**WHAT IS BEING ASKED**
In the records below, repeat exactly the lines between the line holding "50 个塑料透明服装防尘袋，透明挂衣保护袋，适用于衬衫、连衣裙和外套卧室、收纳袋、家庭收纳、适用于女士白色 T" and the line holding "Abendkleid Midi Weiß ABK1850", inclusive, and drop the pictures.

--- INPUT DATA Enclosed Below ---

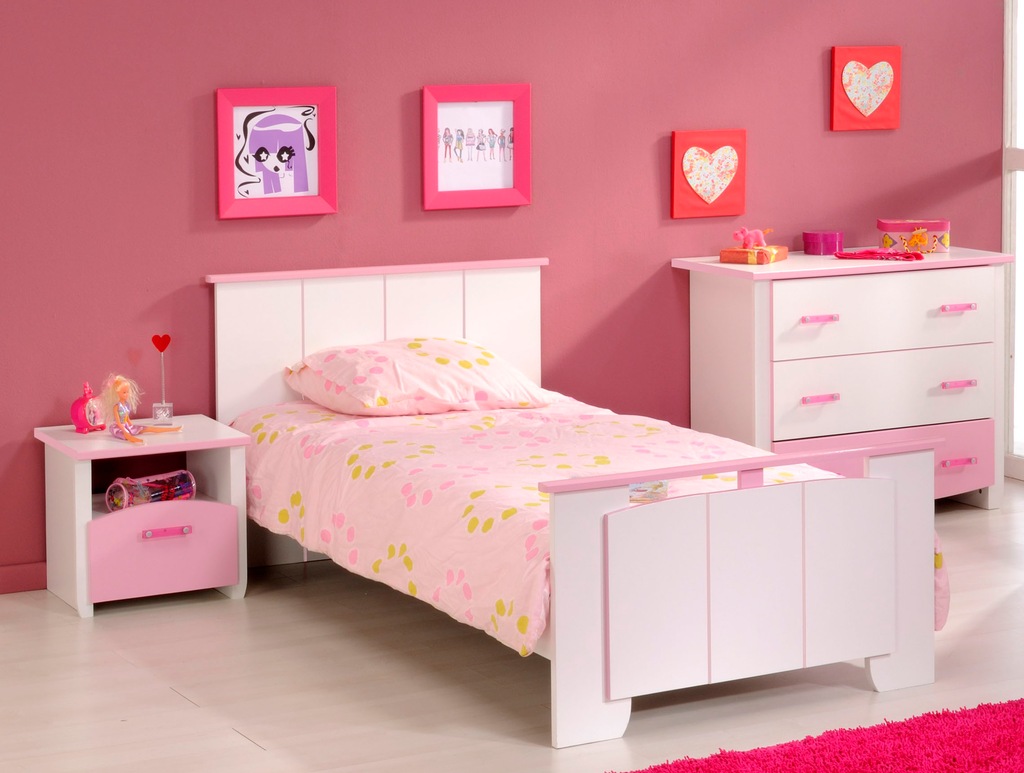 Bild von Faizee Möbel Jugendzimmer-Set Biotiful 3 Parisot Kinderzimmerbett rosa Nachttisch Kastenkommode, (3-tlg)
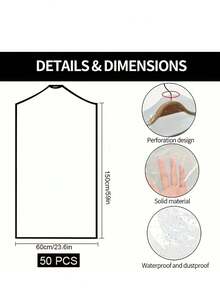 50 个塑料透明服装防尘袋，透明挂衣保护袋，适用于衬衫、连衣裙和外套卧室、收纳袋、家庭收纳、适用于女士白色 T 恤、女士黑色裤子、女士冬装、连衣裙、女士冬装、优雅女士连衣裙、女士白衬衫、长袖、女士白色连体裤、女士春季连衣裙、女士春季服装、春季、春装、简约、夏季上衣收纳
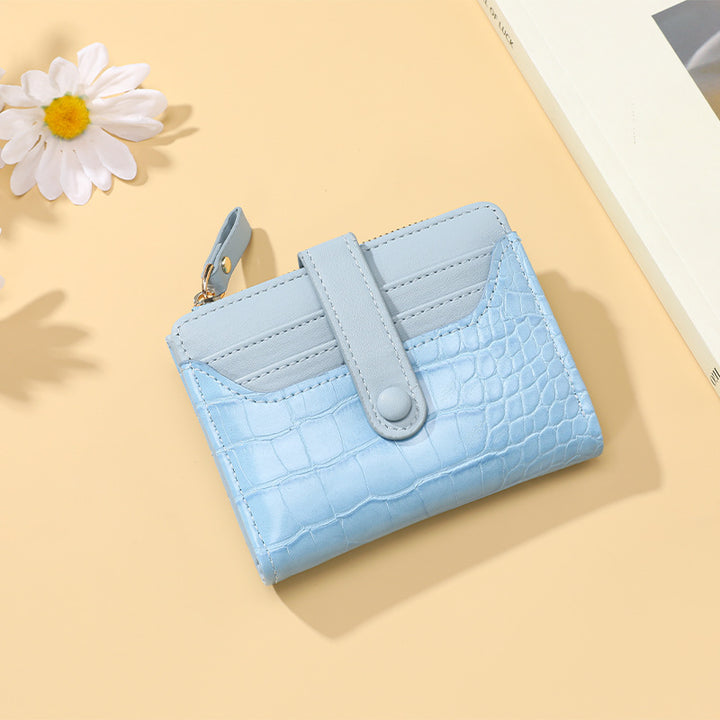 Compact Crocodile-Texture Zip Card Wallet Kalsten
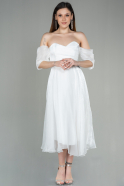 Abendkleid Midi Weiß ABK1850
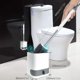 thumbnail image 4 of Escobillas y soportes para inodoro Juego de portaescobillas de silicona mejorado, cepillo de limpieza para inodoro con cajón descomponible y de agua para inodoros de baño, 4 of 5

--- End of Enclosed INPUT DATA ---

**SOLUTION FOR THIS TASK**
 50 个塑料透明服装防尘袋，透明挂衣保护袋，适用于衬衫、连衣裙和外套卧室、收纳袋、家庭收纳、适用于女士白色 T 恤、女士黑色裤子、女士冬装、连衣裙、女士冬装、优雅女士连衣裙、女士白衬衫、长袖、女士白色连体裤、女士春季连衣裙、女士春季服装、春季、春装、简约、夏季上衣收纳
 Compact Crocodile-Texture Zip Card Wallet Kalsten
 Abendkleid Midi Weiß ABK1850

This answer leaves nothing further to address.